Scalable Data and Workload Generation for Regression Testing, Performance Evaluation and Benchmarking
Technische Universität Berlin
Oracle Fellowship Recipient
Oracle Principal Investigator
An important part of the maintenance lifecycle of a commercial data management system like Oracle is devoted to the diagnosis of performance regressions observed by customers in a production setting. When trying to reproduce the problematic behavior in a test environment, database developers often face the problem of missing data – even though the database schema, the problematic queries and even the workload itself can be provided by the customer, the actual database instance typically cannot be obtained (for example, due to privacy restrictions or size restrictions). What typically is available immediately, though, is the database catalog, which contains a statistical approximation of the reference database in the form of value distributions, cardinalities and histograms on columns or column groups.
As a fallback solution, developers currently “trick” the optimizer of a test database by feeding it with this customer catalog data in order to obtain the query access paths of the actual production system. As the underlying data is missing and the database catalog is usually lacking crucial information, e.g. on multivariate distributions, synthetic datasets generated in the lab setting are not representative. Thus, information on how the query access paths perform requires further assistance and feedback from the client. Such assistance/feedback could be obtained from using recorded workloads, performance repository data (AWR in Oracle) and various application data models that maintain extra information about object relations outsided the database catalogs. Using these extra sources generating data suitable for testing can become feasible.
In addition to diagnostic purposes, data generation can be useful to evaluate what-if scenarios that may affect a mission critical system in the future. Then generated data possibly in combination with existing real data can be used in a test system along with proper workloads that simulate the what-if scenario. Such experiments can provide a set of proactive actions that can be taken in anticipation of future growth. Furthermore, along with the generation of new data from catalog information and existing data, the generation of workloads that simulate the anticipated future scenarios becomes very important. This generation can be based on existing workloads that are currently running on the systems and input from the users that define their future expectations about specific carefully chosen aspects of the current workloads.

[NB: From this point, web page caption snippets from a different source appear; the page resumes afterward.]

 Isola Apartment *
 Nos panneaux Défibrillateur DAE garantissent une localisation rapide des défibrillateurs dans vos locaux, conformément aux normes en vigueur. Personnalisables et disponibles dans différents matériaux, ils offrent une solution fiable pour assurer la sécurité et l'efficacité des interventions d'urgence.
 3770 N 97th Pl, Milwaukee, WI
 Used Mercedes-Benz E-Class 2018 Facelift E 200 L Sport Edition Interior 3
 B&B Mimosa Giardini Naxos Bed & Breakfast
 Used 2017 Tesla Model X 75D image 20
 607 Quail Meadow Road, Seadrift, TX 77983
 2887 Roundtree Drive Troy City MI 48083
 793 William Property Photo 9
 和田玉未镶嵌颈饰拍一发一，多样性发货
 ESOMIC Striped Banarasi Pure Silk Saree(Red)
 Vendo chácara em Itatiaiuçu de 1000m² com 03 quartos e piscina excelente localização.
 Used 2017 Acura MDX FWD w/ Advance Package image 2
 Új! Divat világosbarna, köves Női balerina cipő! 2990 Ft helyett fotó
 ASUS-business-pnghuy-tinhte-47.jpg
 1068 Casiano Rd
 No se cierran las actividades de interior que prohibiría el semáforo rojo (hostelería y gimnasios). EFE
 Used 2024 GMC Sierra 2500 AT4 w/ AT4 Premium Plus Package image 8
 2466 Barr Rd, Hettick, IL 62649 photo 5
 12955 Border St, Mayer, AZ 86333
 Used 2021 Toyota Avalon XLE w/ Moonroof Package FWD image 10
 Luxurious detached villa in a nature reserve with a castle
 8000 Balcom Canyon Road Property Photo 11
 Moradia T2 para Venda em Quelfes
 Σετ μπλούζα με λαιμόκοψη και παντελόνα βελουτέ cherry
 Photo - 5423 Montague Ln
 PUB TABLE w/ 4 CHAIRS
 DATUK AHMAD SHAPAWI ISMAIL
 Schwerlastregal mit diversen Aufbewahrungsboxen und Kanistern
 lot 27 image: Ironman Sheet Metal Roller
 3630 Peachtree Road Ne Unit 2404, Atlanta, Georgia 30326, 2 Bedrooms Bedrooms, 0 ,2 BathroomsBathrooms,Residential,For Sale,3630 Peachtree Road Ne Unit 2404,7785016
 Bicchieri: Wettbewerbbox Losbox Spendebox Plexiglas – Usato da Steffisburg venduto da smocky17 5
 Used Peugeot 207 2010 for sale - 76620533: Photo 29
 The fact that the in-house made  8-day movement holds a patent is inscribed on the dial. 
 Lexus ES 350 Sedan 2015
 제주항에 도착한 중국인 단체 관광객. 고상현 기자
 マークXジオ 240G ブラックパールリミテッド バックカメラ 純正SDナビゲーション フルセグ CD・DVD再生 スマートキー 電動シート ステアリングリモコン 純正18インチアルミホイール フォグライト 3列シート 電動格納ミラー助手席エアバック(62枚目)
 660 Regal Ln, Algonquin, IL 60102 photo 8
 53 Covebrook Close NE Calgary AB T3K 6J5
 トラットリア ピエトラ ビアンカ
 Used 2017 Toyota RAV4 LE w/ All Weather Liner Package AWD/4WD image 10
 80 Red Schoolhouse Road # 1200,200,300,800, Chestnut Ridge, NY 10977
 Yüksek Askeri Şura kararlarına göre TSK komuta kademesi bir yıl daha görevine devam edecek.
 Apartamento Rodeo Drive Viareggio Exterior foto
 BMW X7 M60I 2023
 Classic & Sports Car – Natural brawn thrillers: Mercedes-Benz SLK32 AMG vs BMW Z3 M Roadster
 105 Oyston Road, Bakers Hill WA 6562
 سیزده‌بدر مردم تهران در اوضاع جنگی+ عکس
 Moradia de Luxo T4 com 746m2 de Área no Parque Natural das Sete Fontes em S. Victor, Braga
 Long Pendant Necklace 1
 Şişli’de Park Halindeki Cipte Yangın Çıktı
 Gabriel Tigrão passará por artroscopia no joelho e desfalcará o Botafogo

We propose to address this problem in stages: (1) data generation from the database catalog statistics and additional data synopsis such as the ones that can be extracted from existing data, workloads (sequence mining), performance data (top sql, sampled session history) and application data models. (2) workload generation from existing real workloads by declaratively defining trends of specific aspects of workloads (number of orders, number of customers, trends of request sequences discovered during workload characterization).